– Я уже сошла с ума. И ты тоже, дорогой, если… если приволок сюда это, – Полина указала на мальчишку в грязном свитере.
– Вынужден согласиться, – мягко заметил Андрюшка. – Это крайне неосмотрительный поступок, Герман Васильевич.
Андрюшка вернулся поздно. Позже Ильи. И громко хлопнул дверью, слишком уж громко. Желал, чтобы время его прихода заметили?
Его желание исполнилось. Илья заметил.
Он и сейчас замечал, складывая минусы и плюсы.
Минус Саломея. Ушла, не сказав ни слова. Это злит.
Минус Лера. Ее пока не хватились и хватятся не скоро.
Минус Кирилл Васильевич. Мила нервничает. Она то и дело поглядывает на часы и к двери оборачивается каждую минуту.
Плюс мальчишка, подобранный Гречковым.
Случайный элемент? Новая карта в колоде, рассыпанной мадам Алоизой?
– Кирочка пропал, – вздыхает Милослава. – Он сказал, что вернется к восьми, а уже половина девятого.
– Зачем ты притащил сюда его? – Полина неловко выбирается из кресла. – Он тебя обманет. Он хочет тебя обмануть. Все хотят.
– Кирочка всегда приходит вовремя, – Милослава не делает попытки вмешаться, она занята собственными мыслями. И в задумчивости касается мочки уха. Циркониевая серьга раскачивается.
– Ты его просто задолбала, вот он и решил погулять. Раз-два-три-четыре-пять…
Герман Васильевич стоит в центре комнаты. Человек-памятник с медно-красным лицом. Он дышит ртом, а выдыхает через нос, и дыхание получается громким, хлюпающим.
– А вы, Герман Васильевич, и вправду неосторожны. Первого встречного – и в дом. Шел бы ты, мальчик. Не видишь: дяденька не в себе.
Почему Гречков молчит? Достаточно пары слов, чтобы заткнуть всех. А он молчит, расписываясь в собственной слабости. И шакалье наглеет.
– Чего тебе? Денег дать? – Андрюшка присаживается на корточки, но все равно смотрит на мальчишку сверху вниз. – Или шмоток подкинуть? Ты говори, не стесняйся.
– Заткнись, – слово-камень упало.
Но тон выбран неверно, и Андрюшка не замолкает. Он кладет руки на плечи мальчишки, заглядывает в глаза и повторяет:
– Это не твой дом.
– Кирочку надо искать! Он никогда раньше… Герман, позвони в милицию. Тебя послушают!
Герман кладет ладонь на грудь, не то нащупывая мобильник, не то проверяя, работает ли сердце.
– Отстань от Егора, – произносит он глухо, отстраненно. – И убирайся.
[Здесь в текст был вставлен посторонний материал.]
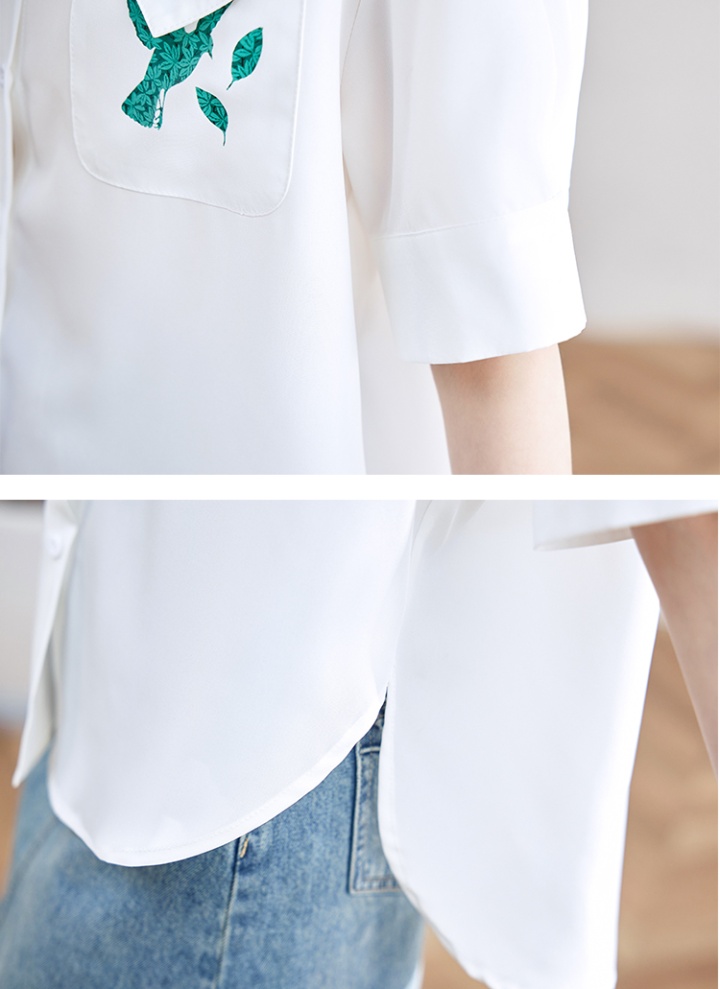 Printing summer white tops loose short sleeve shirt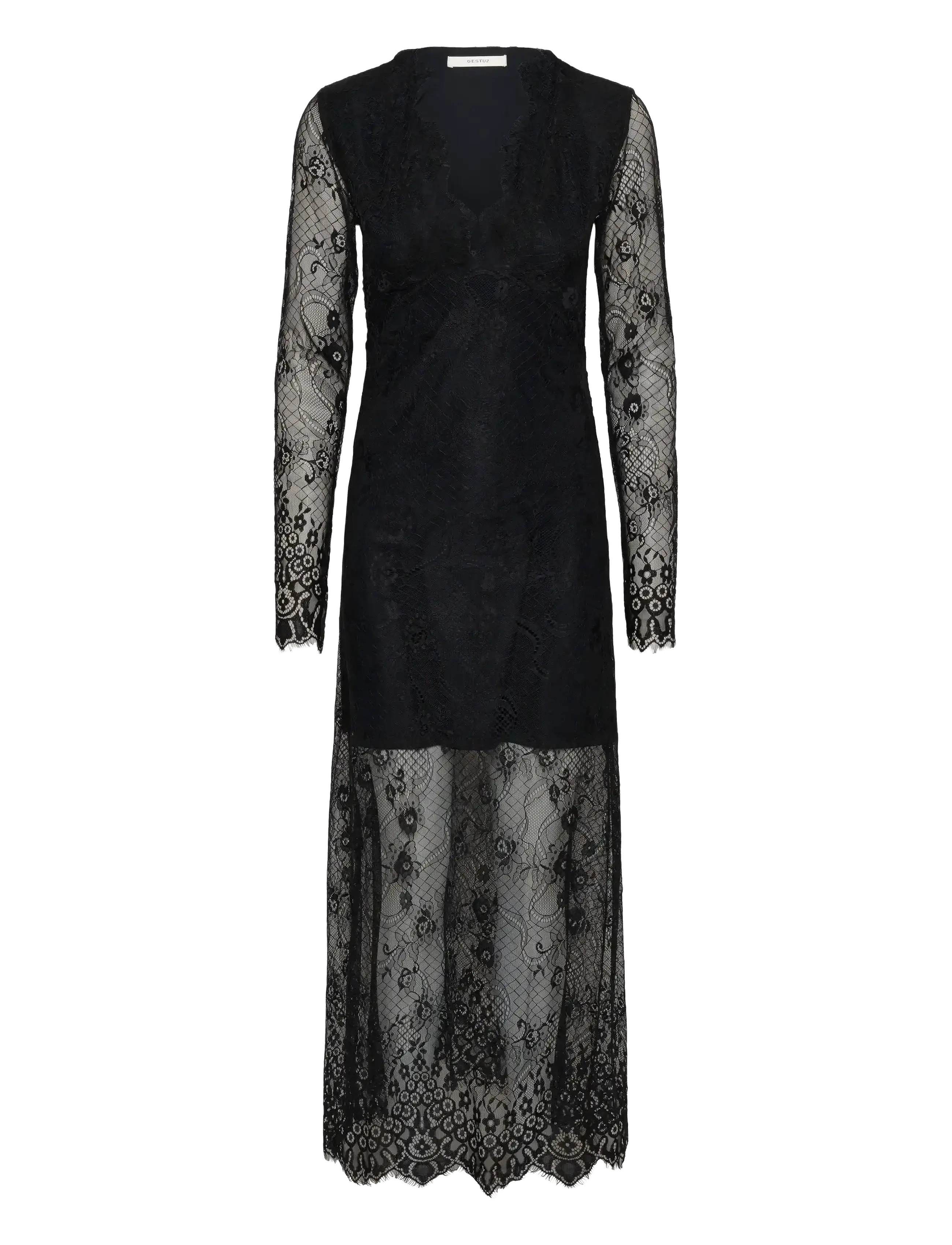 Gestuz GZliani dress - Lace dresses - BLACK / black
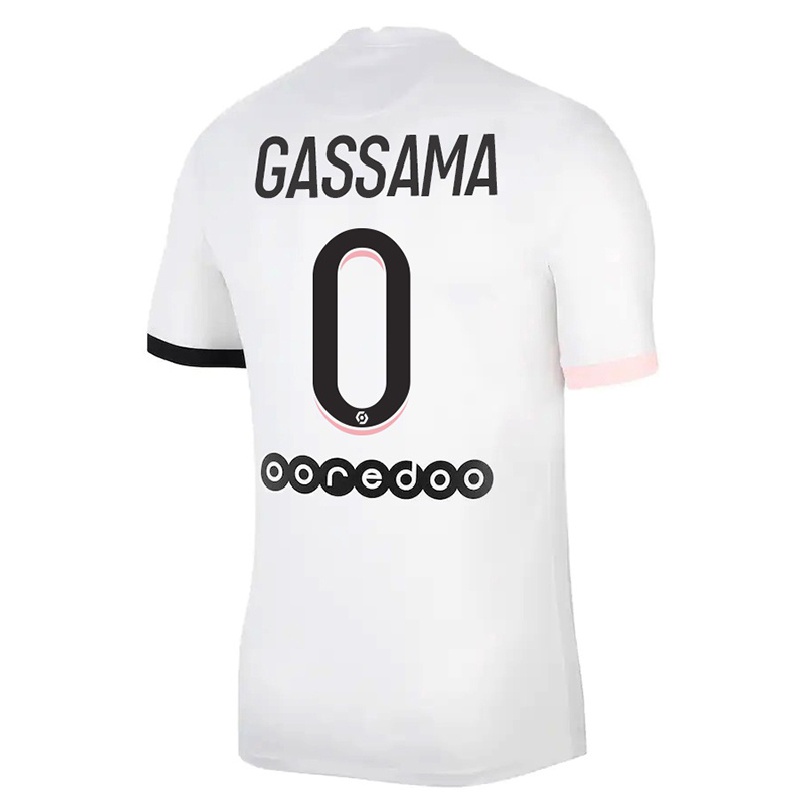 Kinder Fußball Djeidi Gassama #0 Weiß Rosa Auswärtstrikot Trikot 2021/22 T-shirt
Оба убирайтесь… Нет, все убирайтесь! Вон из моего дома! Вон!
– Да ты совсем сбрендил! – взвизгивает Полина.
– Думаешь, я не знаю, что ты с ним спишь? – Его тон по-прежнему ровный. – Я ж не слепой.
Она замолкает. Тонкие руки взлетают к губам и застывают, как будто Полина заставляет себя молчать. Ей бы оправдываться, гневно или виновато, убеждать супруга, что ему почудилось, а она молчит.
– Знаю… все знаю… – Герман Васильевич подошел к жене и отвесил ей хлесткую пощечину. – Стерва.
– Придурок, – ответила она, потирая щеку. – Нужен мне этот… убогий.
– Я убогий? – картинно возмутился Андрюшка.
– Кирочку искать…
Милослава поднимается, выходит из комнаты и задерживается в гардеробной. Громко шелестят плащи, беззвучно падают на землю пальто. Но ее не слышат. Полина кричит, вцепившись пальцами в щеки. Андрюшка суетится. Он то вскакивает, хлопает руками, будто гоняет несуществующих комаров, то падает и затихает в кресле. Круглые глаза его движутся независимо друг от друга, и это правильная примета – у всех хамелеонов так.
Илья точно знает, что Андрюшка – хамелеон.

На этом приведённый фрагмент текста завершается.